Sat, 20 Sep 2014 01:42:21 +0000
I watched Hunchback of Notre Dame for the first time a few weeks ago. I've seen almost every retro Disney movie, almost all on VHS, sitting in my childhood living room wearing nothing but underwear. But I missed this one.
When I watch something like Lion King or Cinderella, I interpret it the same way I did as a child. I relate to the main characters, and root against the bad guys. I ascribe the qualities of each character to, well, the character, rather than thinking about the motivation of the writers.
But with Hunchback, it was different. I had no childhood feelings. It was adult me, interpreting the film. And it helped me notice a trend.

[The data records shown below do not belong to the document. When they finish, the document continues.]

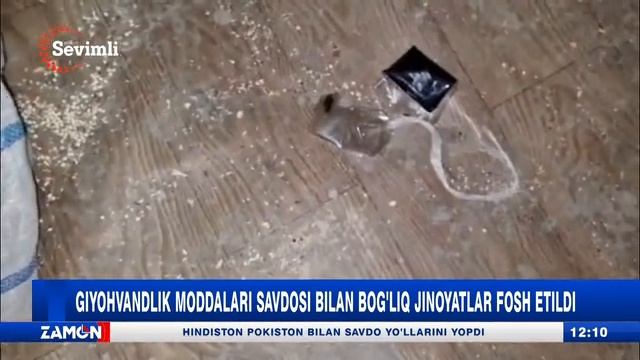 Giyovandlik moddalari savdosi bilan bog'liq jinoyatlar fosh etildi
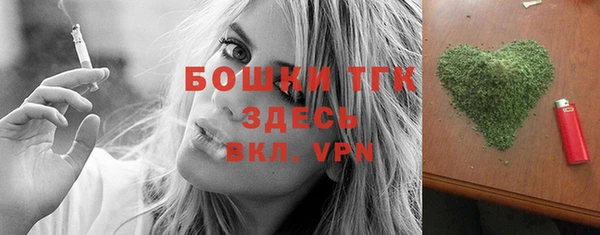 амфетамин Беломорск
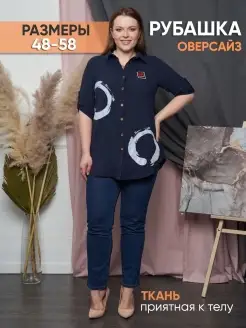 Распродажа  Размеры: 48-50 52-54 56-58 44-46 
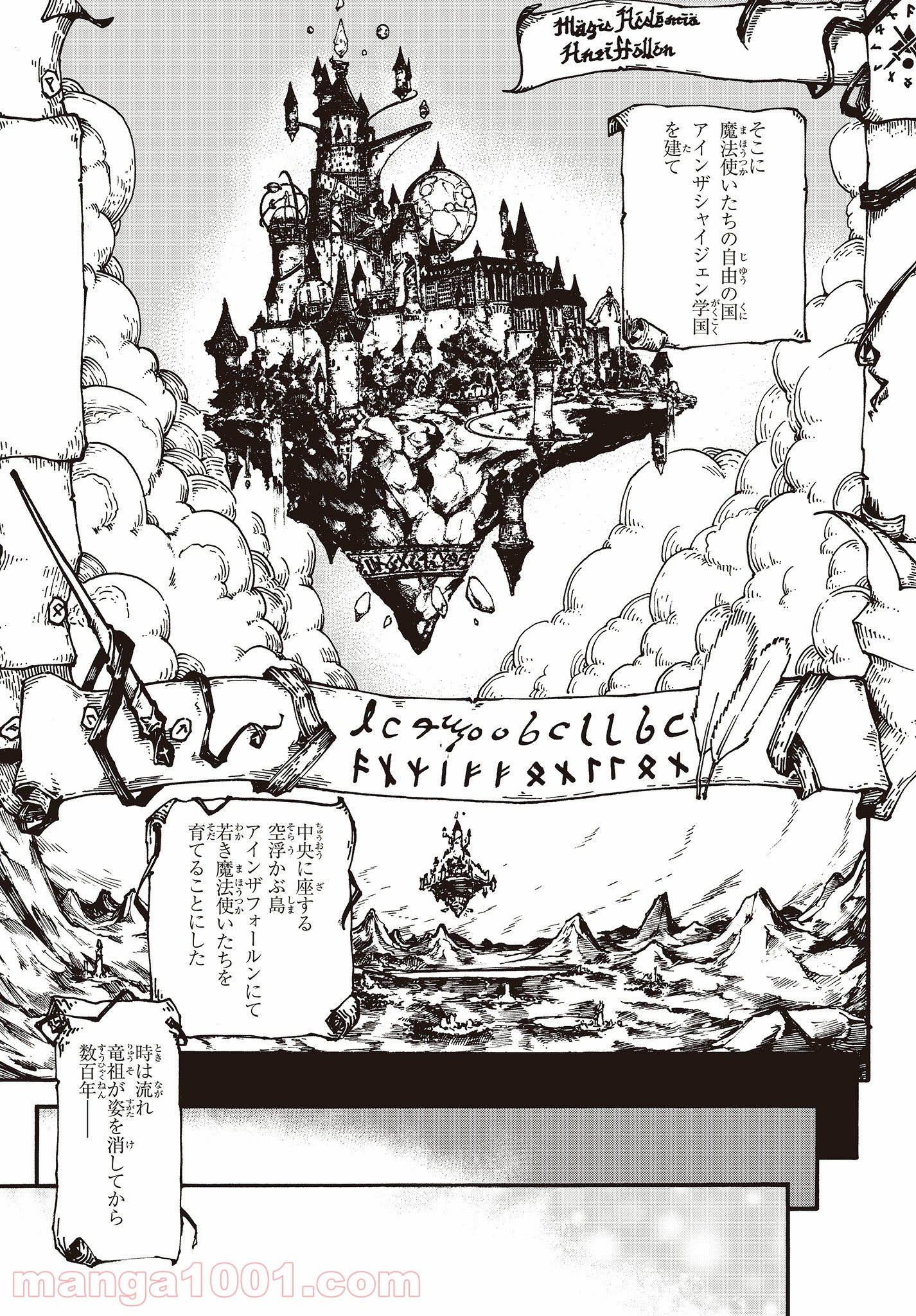DARKARTSMASTER 黶き魔法使い 第0話 - Trang 3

Every Disney movie is about freedom. It's about freeing oneself from the chains of an oppressor and reaching the Promised Land where one can run around in grass fields playing the flute. And because this is such a prominent narratives from our childhoods, I feel like my generation generally feels like we're in the oppressive stage of our lives — and that we need to strive for that free utopia.
I think part of it is fair. I graduated at the bottom of the recession, and that experience cemented a view of my self worth. No one wanted me, and therefore I had to take what I could get. At the times — and still now — I felt like I was waiting for my moment.
But today, as I sat on the couch helping Kristen study, I thought about a hope I had back then. It was a scene I dreamt about. In that scene, she and I sat in a cozy apartment, lives comfortable, doing something — anything — together. It isn't an ideal moment, but it's a small part of the life I envisioned as having made it to the land of the free.
I used to think the big break will come some day, but now I'm realizing it comes in little pieces — and only to those who work for it. It is part of the narrative that Disney leaves out, or speeds through — but as I live it now, it is a slow, arduous process that certainly helps a person appreciate the resolution.